Cette ouverture des terrains de stages est vraiment conçue pour favoriser l’intégration des docteurs juniors de médecine générale dans un environnement avec des acteurs divers, avec lesquels ils puissent travailler au cours de cette année. Donc oui, c’est une mesure bien identifiée et même promue.

En ce qui concerne l'encadrement des thèses, le premier rapport sur la 4A préconisait d'indemniser les formations des MSU. Est-ce que vous avez discuté de cette mesure avec le gouvernement ?

Tout le monde s’accorde sur l’importance de cette mesure mais le problème reste économique. Un maître de stage doit interrompre ses activités de soin pour se former, ce qui a un coût. Les discussions ont montré que cela ne relèverait pas de la même enveloppe, mais pour l’instant, il n’y a pas de réponse claire sur le financement de cette formation.

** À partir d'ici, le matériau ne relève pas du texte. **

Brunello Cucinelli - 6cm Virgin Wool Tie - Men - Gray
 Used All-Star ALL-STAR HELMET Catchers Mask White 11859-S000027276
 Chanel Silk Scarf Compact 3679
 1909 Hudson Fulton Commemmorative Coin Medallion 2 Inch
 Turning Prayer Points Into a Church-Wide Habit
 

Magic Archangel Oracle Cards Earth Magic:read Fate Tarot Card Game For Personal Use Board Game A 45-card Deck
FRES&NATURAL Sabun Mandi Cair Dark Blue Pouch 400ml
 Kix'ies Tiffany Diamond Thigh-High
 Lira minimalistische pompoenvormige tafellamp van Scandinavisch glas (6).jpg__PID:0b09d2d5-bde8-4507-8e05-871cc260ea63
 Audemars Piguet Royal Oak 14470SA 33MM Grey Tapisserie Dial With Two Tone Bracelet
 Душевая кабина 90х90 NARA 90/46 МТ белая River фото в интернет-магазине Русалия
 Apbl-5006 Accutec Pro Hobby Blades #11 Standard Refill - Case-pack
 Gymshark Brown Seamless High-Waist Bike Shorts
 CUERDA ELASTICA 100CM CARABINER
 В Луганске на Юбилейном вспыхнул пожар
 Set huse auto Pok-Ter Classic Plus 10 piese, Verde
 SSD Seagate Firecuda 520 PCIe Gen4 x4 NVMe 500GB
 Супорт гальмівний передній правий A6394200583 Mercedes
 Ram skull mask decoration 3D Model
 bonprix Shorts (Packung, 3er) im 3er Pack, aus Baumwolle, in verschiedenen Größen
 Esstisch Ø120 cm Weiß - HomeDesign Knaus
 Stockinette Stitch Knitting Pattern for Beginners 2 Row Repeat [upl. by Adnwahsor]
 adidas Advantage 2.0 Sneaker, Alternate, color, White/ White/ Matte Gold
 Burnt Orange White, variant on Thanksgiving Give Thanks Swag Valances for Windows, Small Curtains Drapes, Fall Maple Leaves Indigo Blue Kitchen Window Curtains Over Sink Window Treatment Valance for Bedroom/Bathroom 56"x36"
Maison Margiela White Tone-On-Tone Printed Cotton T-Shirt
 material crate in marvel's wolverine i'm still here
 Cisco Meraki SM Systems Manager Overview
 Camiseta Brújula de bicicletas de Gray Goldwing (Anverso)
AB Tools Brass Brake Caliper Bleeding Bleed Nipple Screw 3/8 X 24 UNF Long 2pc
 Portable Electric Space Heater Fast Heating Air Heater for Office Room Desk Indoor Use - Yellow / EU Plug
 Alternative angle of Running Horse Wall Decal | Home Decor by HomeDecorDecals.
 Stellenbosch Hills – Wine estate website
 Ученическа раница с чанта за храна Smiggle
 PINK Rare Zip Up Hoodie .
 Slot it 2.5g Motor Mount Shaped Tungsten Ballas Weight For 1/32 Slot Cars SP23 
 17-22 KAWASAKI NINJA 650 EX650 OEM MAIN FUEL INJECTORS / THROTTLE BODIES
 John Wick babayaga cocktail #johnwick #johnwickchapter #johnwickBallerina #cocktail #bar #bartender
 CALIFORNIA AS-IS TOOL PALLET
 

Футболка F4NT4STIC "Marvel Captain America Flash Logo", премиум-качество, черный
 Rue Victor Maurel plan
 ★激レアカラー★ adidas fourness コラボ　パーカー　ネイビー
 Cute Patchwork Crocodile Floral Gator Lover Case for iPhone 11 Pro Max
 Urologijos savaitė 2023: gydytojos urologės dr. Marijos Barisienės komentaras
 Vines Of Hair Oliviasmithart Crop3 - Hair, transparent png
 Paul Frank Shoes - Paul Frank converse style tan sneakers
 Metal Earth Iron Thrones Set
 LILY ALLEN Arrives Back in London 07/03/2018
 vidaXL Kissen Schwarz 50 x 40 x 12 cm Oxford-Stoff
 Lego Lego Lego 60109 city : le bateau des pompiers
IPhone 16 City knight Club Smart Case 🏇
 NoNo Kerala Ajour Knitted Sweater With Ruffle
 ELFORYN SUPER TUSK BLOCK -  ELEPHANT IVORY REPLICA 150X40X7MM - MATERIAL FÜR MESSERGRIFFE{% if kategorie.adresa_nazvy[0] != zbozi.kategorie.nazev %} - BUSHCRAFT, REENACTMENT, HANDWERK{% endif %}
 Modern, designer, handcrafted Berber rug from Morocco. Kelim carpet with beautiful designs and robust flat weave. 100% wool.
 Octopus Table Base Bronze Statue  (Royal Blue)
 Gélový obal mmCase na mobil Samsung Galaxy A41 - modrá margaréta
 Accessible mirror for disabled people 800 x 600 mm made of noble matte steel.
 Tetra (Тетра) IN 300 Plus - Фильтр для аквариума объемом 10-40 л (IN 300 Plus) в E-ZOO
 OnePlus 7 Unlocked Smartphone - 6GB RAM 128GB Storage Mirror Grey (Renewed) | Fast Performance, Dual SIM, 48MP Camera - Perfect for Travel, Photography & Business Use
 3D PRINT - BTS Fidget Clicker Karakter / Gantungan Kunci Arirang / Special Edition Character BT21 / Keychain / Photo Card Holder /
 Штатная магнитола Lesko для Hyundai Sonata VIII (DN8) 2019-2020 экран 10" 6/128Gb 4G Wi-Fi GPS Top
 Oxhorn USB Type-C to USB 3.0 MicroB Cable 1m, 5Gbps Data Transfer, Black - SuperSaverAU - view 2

Cela reste un enjeu majeur car il faudra de toute façon augmenter le nombre de directeurs de thèse formés. En ce qui concerne la soutenance de thèse, il semblerait que le ministre ait tranché en faveur d’une dérogation pour les trois premières promotions d’internes. Cela leur permettrait de soutenir leur thèse durant l'année de docteur junior et non pas à la fin de la phase d’approfondissement [en fin de troisième année, NDLR]. Actuellement, il y a un retard de plus de 4 000 internes non thésés après trois ans dans les promotions précédentes, donc une dérogation est indispensable pour ne pas créer d’embouteillage.